The State Register of Heritage Buildings includes Connor's Mill, Toodyay Public Library (built 1874), the old Toodyay Post Office (designed by George Temple-Poole and built 1897) and the old Toodyay Fire Station (designed by Ken Duncan, built 1938).  Buildings listed on the Australian Heritage Database include Freemasons Hotel (built 1861), the Victoria Hotel (late 1890s), Robert Urwin's Drapery, and St Stephens Anglican Church.

A number of other buildings are along the road:
 Butterly House
 Catholic Presbytery, Toodyay
 Connor's Cottage
 Connor's House
 Demasson's House and Shop
 Dr Growse's House
 Ellery's Arcade
 Freemasons Hotel (Toodyay)
 Hackett's (Pensioner) Cottage
 Jager Stores
 James Martin's Cottage
 Kirk's (Pensioner) Cottage
 Leeder's House
 Roman Catholic Church Group, Toodyay
 Shoemaker's House
 St Aloysius Convent boys dormitory, Toodyay
 St Aloysius Convent girls dormitory, Toodyay
 St Aloysius Convent of Mercy
 St John the Baptist Church (Toodyay)
 St John the Baptist Church, Toodyay (1863–1963)
 Stationmaster's House (Toodyay)
 Stirling House
 Toodyay Garage
 Toodyay Memorial Hall
 Toodyay Tavern
 Urwin's Store
 Victoria Billiard Saloon
 Wendouree Tearooms
 Western Australian Bank, Newcastle Branch

History

The name Stirling Terrace was adopted at a Newcastle Municipal Council meeting in May 1905. Following discussion of a motion to rename the town's main road, two names were voted on: Bedford Terrace, after Governor Bedford, and Stirling Terrace, after the former Governor Stirling.
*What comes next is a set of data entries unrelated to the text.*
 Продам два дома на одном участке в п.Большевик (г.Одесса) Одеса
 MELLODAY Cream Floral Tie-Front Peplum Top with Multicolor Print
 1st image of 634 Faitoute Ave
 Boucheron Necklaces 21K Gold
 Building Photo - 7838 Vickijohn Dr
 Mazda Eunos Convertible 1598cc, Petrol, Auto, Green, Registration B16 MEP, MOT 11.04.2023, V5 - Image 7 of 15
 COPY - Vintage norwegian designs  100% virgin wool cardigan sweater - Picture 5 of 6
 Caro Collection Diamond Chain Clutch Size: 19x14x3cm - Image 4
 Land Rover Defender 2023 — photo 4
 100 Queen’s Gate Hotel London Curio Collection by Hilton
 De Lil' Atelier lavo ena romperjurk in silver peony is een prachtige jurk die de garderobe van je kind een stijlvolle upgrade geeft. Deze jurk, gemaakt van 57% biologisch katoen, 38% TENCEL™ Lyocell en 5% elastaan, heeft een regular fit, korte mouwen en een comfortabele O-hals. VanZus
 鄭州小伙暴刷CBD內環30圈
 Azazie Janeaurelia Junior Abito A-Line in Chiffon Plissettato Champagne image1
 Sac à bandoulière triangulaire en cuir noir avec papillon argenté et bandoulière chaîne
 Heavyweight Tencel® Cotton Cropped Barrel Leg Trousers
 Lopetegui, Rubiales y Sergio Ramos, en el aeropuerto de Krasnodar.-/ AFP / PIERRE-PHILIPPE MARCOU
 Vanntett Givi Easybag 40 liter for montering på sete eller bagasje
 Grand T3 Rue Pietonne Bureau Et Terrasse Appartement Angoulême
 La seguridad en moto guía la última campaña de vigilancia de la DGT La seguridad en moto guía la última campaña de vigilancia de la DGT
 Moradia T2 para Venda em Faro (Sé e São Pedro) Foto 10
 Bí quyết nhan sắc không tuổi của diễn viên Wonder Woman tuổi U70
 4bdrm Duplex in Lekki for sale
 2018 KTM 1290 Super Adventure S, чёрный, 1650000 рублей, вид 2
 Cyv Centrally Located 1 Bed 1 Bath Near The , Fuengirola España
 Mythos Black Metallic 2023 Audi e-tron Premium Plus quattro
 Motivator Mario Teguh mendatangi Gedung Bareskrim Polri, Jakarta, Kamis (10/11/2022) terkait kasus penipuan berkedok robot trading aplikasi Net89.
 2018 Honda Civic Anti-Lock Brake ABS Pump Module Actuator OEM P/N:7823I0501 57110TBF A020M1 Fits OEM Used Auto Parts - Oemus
The votes were split 3–3, so Mayor Henry Davey cast the deciding vote for Stirling Terrace. The change in name was officially made on 3 May 1911.

In 2009 the upgrading from federal and state funding was completed.

The northern end of the street, in the vicinity of the Avon Bridge, is a popular walking spot for tourists.